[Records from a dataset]
──────
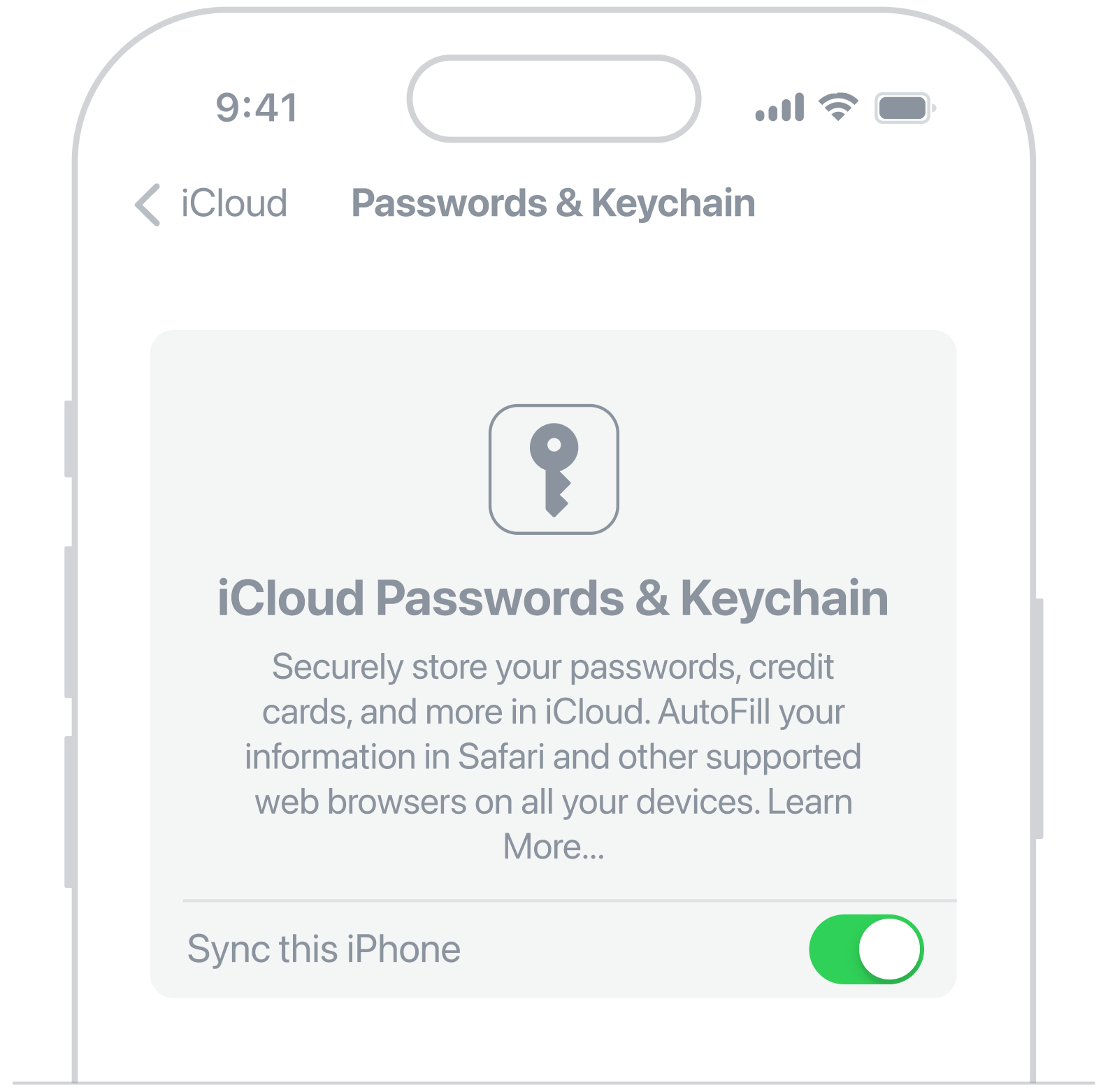 iCloud Passwords & keychain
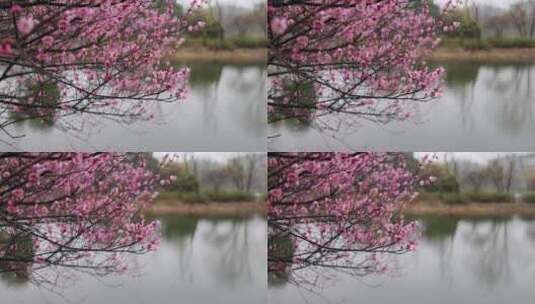 下雪天湖边盛开的梅花高清在线视频素材下载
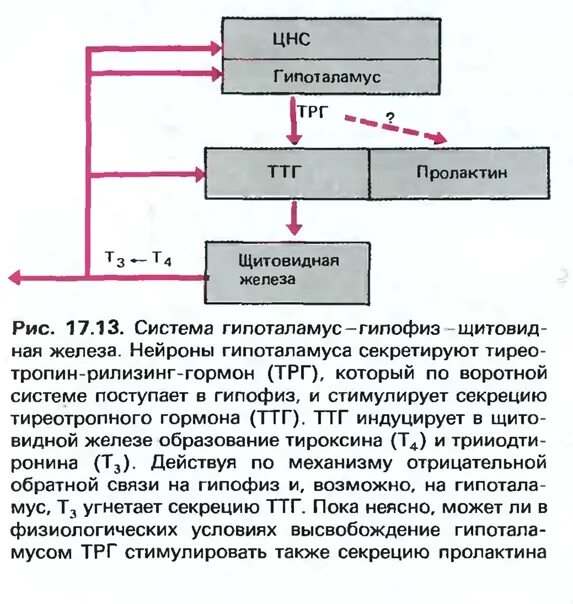 Ттг т4 пролактин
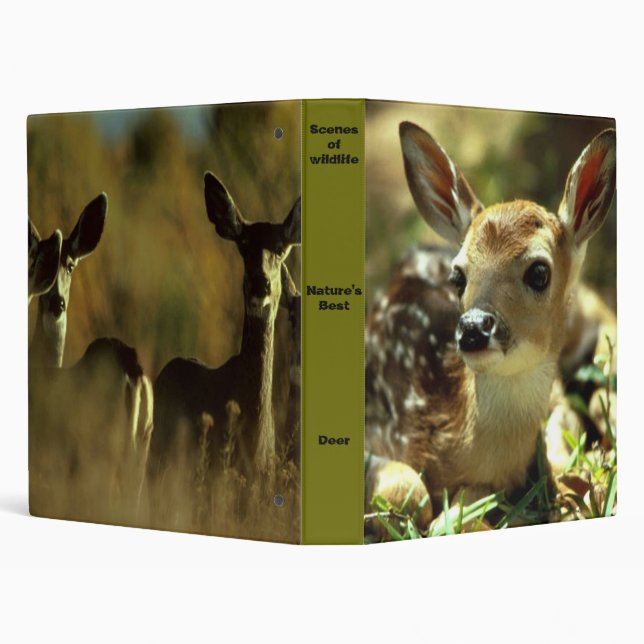 Deer binder (Background)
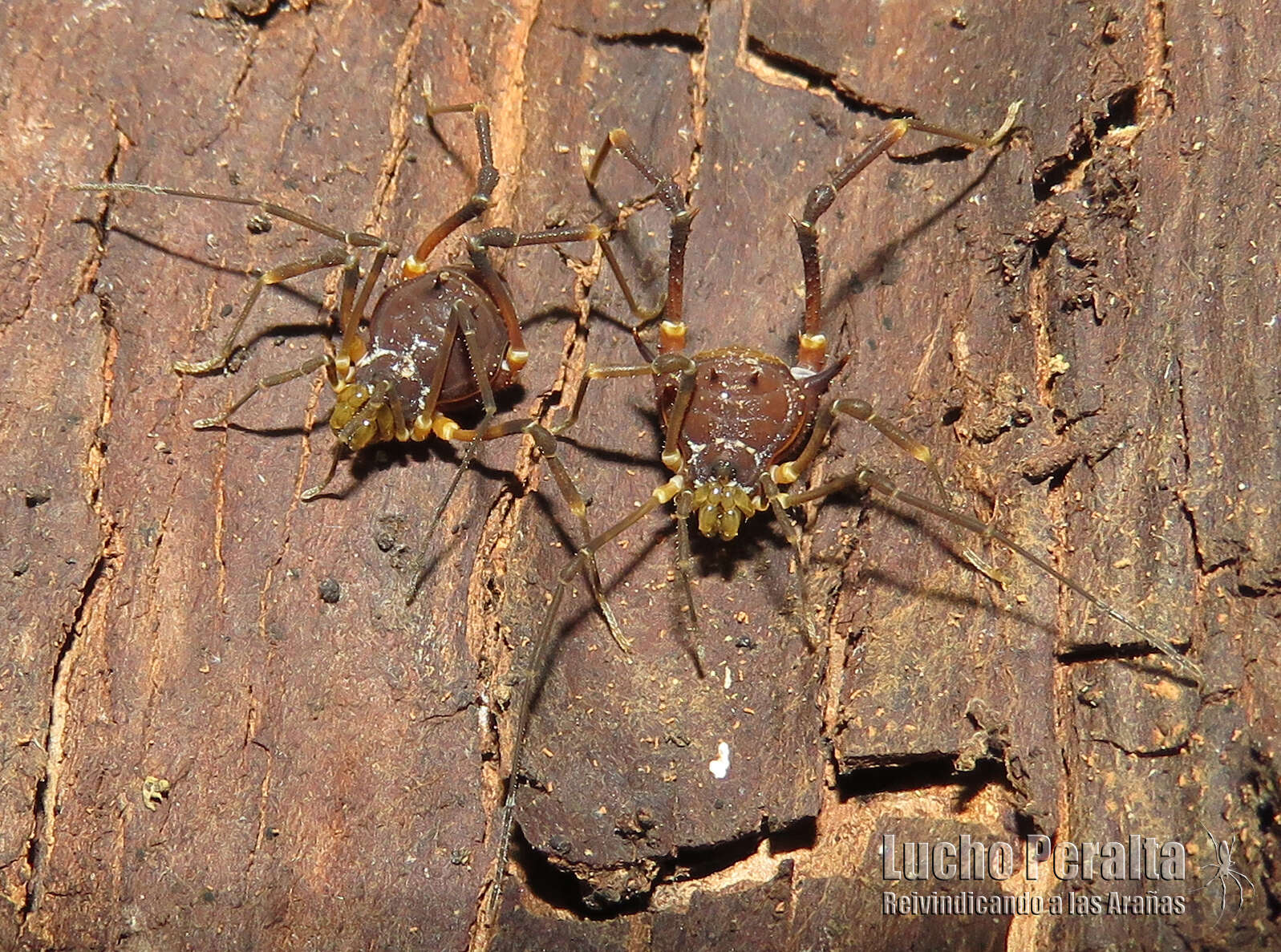 Image de Discocyrtus testudineus (Holmberg 1876)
──────
## EXERCISE PROMPT
Exclude all images, then retype the records above without alteration.

## EXERCISE SOLUTION
 iCloud Passwords & keychain
 下雪天湖边盛开的梅花高清在线视频素材下载
 Ттг т4 пролактин
 Deer binder (Background)
 Image de Discocyrtus testudineus (Holmberg 1876)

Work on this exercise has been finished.